War—Three generations of a family are caught up in the philosophical arguments for and against The Great War, World War II and Vietnam. 

	Marriage—Under the duress of wartime, Betty’s father and then Betty jump into hasty marriages only to witness the moral decay of their respective spouses.

	Birth—Betty’s real mother gives her up to the socially-prominent wife of her father. Repeating this birth-mother role for her English lover, Betty feels torn between a perceived obligation to her aging father and her own moral obligation. 
	Money—Betty’s father’s inventiveness and her deportment challenge the envelope of business ethics. 

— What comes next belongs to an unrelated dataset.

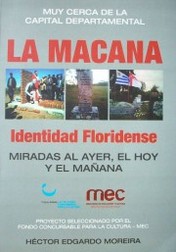 La Macana : identidad floridense : miradas al ayer, el hoy y el mañana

    The protagonist Betty Tillerman joins the WACS in World War II, has a hasty wartime marriage, becomes a post-war mother, pursues a business career of raising horses and has a love affair at the age of 50. Add to that storyline an intriguing plot that prods the politically correct family image.

A Faux Biography More Gripping than a Who’s Who

After reviewing The Landscape of Time by Lois Foyt and Jon Foyt, I searched for their previous six novels. The Test of Time caught my reading eye and my initiation into their fan club. 

The Test of Time is a poignant story about a woman living through the decades of the 30s to the 70s. The novel chronicles the life of a Cleveland socialite named Betty Tillerman, who at the age of 21 drops out of Oberlin College and joins the WACs in 1942, becomes an officer and goes into North Africa with her anti-aircraft team as part of Patton’s Army and then into France with her battalion of women soldiers right after D-Day. In an impulsive moment she has secretly married her anti-aircraft captain-instructor during her training at Fort Knox. He goes off to the Pacific and spends the war in a Japanese POW Camp, returning mentally wounded, complicating her post-war life until her powerful father takes matters into his own hands. 

The authors have a past association with Dan Wakefield, the author whose novels found their way to Hollywood—Starting Over with Burt Reynolds and Going All The Way with Ben Affleck. The Foyts attended the same high school in Indianapolis and that’s why I liken their writing to Wakefield’s style. It’s crisp, insightful and well researched. 

Re-reading The Test of Time because I didn’t want to overlook the symbolism, the nuances and the irony, I wanted my colleagues at Millennium News to read the novel so that together we could discuss, debate and delight in the ideas presented by Lois Foyt and Jon Foyt.